**** Exercise data

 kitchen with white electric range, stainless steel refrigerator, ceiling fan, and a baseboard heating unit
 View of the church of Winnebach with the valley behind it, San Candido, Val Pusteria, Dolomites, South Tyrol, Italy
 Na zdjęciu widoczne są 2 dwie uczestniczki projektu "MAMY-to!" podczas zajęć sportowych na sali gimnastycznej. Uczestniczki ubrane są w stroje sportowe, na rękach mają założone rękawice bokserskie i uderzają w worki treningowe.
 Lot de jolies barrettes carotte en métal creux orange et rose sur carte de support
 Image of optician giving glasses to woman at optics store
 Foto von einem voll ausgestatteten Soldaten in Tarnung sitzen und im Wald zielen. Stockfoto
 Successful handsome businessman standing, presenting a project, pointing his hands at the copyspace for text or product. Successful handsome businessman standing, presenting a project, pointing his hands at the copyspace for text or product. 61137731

********
**** Exercise data

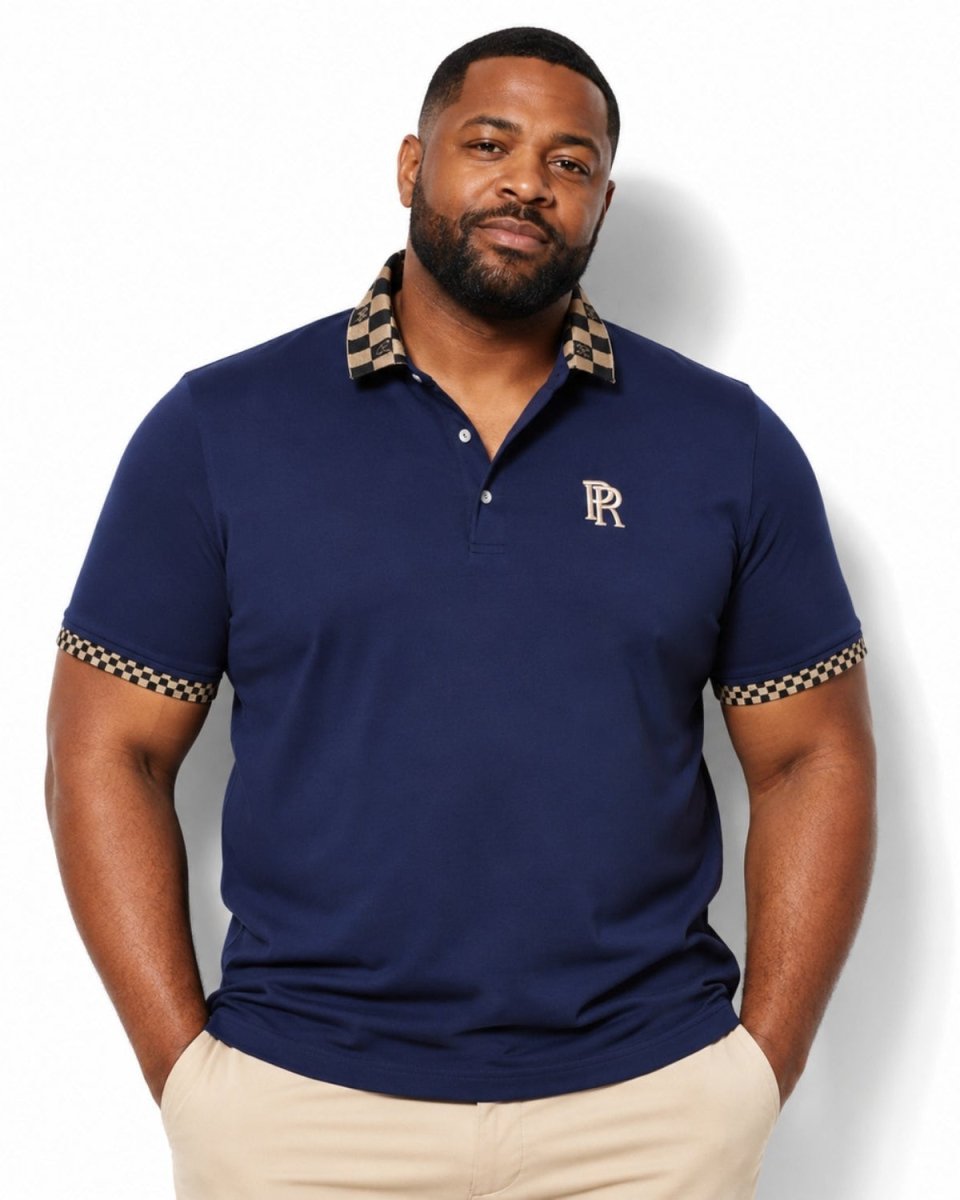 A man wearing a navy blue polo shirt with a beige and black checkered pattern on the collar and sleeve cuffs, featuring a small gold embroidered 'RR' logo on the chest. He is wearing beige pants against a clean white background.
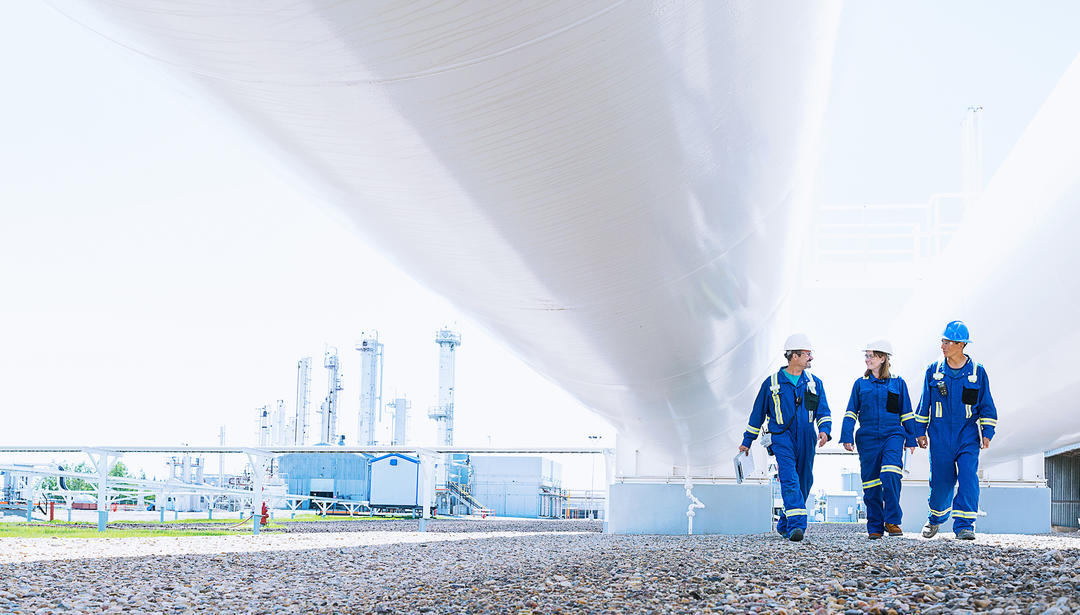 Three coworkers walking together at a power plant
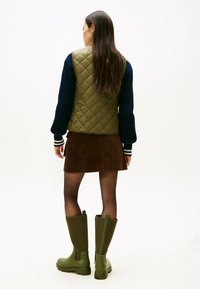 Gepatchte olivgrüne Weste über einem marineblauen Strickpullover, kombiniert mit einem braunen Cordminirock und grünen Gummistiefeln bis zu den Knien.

********
**** Exercise data

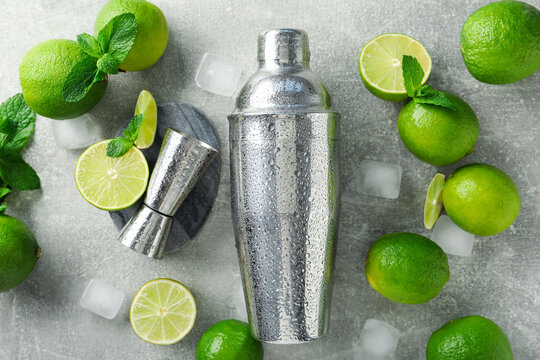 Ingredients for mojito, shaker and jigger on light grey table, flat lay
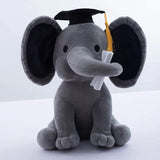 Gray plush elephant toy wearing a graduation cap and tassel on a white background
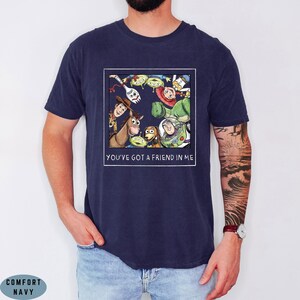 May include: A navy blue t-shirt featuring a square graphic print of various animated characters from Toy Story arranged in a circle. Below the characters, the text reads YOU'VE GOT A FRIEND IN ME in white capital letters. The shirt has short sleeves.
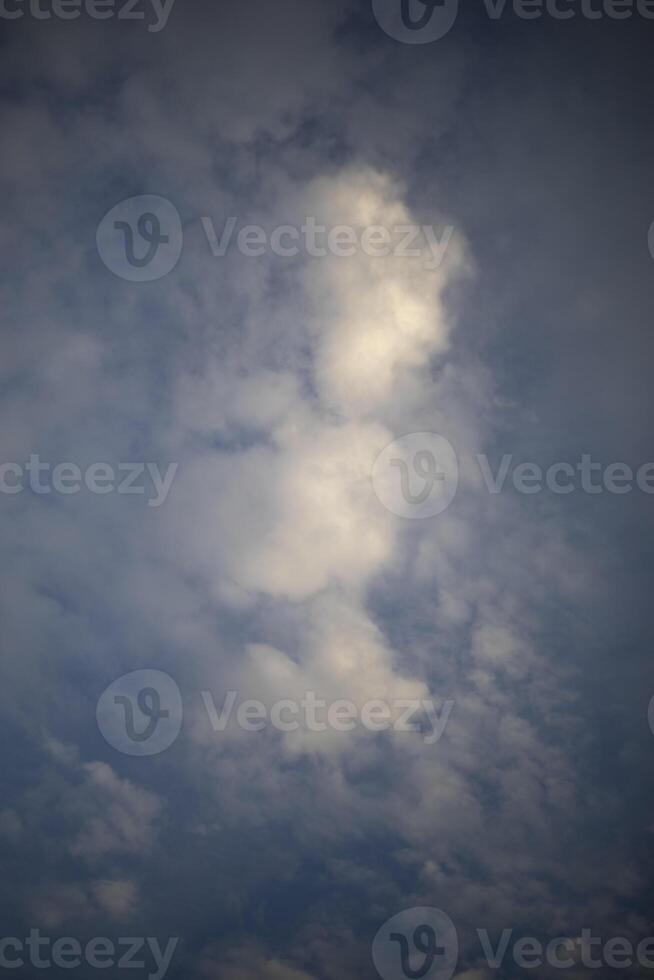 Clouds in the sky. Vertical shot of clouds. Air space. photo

********

> **Aim of the task**
From the records above, quote only the lines running from the line with "kitchen with white" to the line with "or product. 61137731", both lines included.

> **Exercise result**
 kitchen with white electric range, stainless steel refrigerator, ceiling fan, and a baseboard heating unit
 View of the church of Winnebach with the valley behind it, San Candido, Val Pusteria, Dolomites, South Tyrol, Italy
 Na zdjęciu widoczne są 2 dwie uczestniczki projektu "MAMY-to!" podczas zajęć sportowych na sali gimnastycznej. Uczestniczki ubrane są w stroje sportowe, na rękach mają założone rękawice bokserskie i uderzają w worki treningowe.
 Lot de jolies barrettes carotte en métal creux orange et rose sur carte de support
 Image of optician giving glasses to woman at optics store
 Foto von einem voll ausgestatteten Soldaten in Tarnung sitzen und im Wald zielen. Stockfoto
 Successful handsome businessman standing, presenting a project, pointing his hands at the copyspace for text or product. Successful handsome businessman standing, presenting a project, pointing his hands at the copyspace for text or product. 61137731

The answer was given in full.